SHREVEPORT, La. (KTAL/KMSS) – Day five of the trial of the two men accused in the January 2019 death of Shreveport Police Officer Chatéri Payne got underway late Friday with detailed testimony from a crime scene investigator about the guns that were – and were not – used in the fatal shooting.

Chatéri Payne

Tre’vion Anderson, 29, and 41-year-old Glenn Frierson are charged with second-degree murder and conspiracy to commit second-degree murder in the Jan. 9, 2019, shooting death of the 22-year-old police officer.  

On Monday, a third co-defendant, 24-year-old Lawrence Pierre, pleaded guilty to second-degree murder in the case and was immediately sentenced to mandatory life in prison without possibility of parole, probation or suspension of sentence, so the original indictment against the three was altered to reflect only Anderson and Frierson. 

On Wednesday, the prosecution told the jury of six men and six women that Anderson was Payne’s live-in boyfriend and father of her 2-year-old child and was angry when Payne told him she was moving from the house the two shared at 1633 Midway. 

The prosecution claims Anderson “recruited” his two original co-defendants to help kill Payne, while defense attorneys for both Anderson and Frierson claim their clients are innocent.  

Late Friday morning, the prosecution called Shreveport Crime Scene Investigator Cpl. Robert Cerami to the stand and asked to qualify him as an expert witness.  

Cerami, who has extensive training in crime scene investigation said he has investigated more than 700 shootings. Through investigating the ejection pattern of shell casings, Cerami has learned to determine where the shooter may have been, as well as whether he or she was standing, kneeling, or on the ground when the firearm was discharged.  
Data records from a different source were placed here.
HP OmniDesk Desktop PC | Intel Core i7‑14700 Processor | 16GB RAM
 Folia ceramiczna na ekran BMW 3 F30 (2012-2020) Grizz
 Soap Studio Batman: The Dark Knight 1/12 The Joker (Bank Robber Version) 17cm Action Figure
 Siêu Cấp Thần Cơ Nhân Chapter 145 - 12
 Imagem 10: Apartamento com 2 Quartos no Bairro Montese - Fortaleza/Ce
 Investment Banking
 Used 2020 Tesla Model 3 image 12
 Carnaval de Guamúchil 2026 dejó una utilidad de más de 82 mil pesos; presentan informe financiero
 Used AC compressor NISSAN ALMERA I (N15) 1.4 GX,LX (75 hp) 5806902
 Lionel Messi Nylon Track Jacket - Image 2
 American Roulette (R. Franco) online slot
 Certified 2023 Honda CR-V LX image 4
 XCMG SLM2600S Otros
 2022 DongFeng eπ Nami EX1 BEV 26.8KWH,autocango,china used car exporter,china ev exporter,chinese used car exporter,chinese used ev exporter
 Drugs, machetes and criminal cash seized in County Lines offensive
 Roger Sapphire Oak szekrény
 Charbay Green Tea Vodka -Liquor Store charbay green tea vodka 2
Although the defense objected, as Cerami was the primary crime scene investigator in the Payne case, District Judge John Mosely overruled the objection, and Cerami’s testimony was entered into the record as an expert.  

Caddo Assistant District Attorney Treneisha Hill began by asking the officer to describe the scene from when he first arrived, peppering his testimony with photos taken outside and inside the home Anderson and Payne shared.  

While police said Anderson claimed he was inside the house, heard gunshots, grabbed his Glock 22 40 caliber handgun, went outside and shot at an intruder, Cerami said the bullet casings found from that particular gun were actually shot into the ground.   

Although two Glocks were found at the crime scene – Anderson’s and Payne’s service weapon, also a Glock 22 – neither was the weapon used to kill Payne.  

Cerami indicated that the investigation pointed to the shots, which came from two different Glocks, one of which was not located for a few days, all came from the northeast or left side of the house (the front door and small porch on the left; the driveway where Payne was shot is on the right side of the house).  

Lawrence Pierre

Hill skillfully led Cerami through a description of where each piece of evidence found – all the shell casings from Anderson’s gun and the kill shot from the then-unknown Glock – as well as a cellphone, found hidden between the mattress and box springs of the bed Anderson and Payne shared.  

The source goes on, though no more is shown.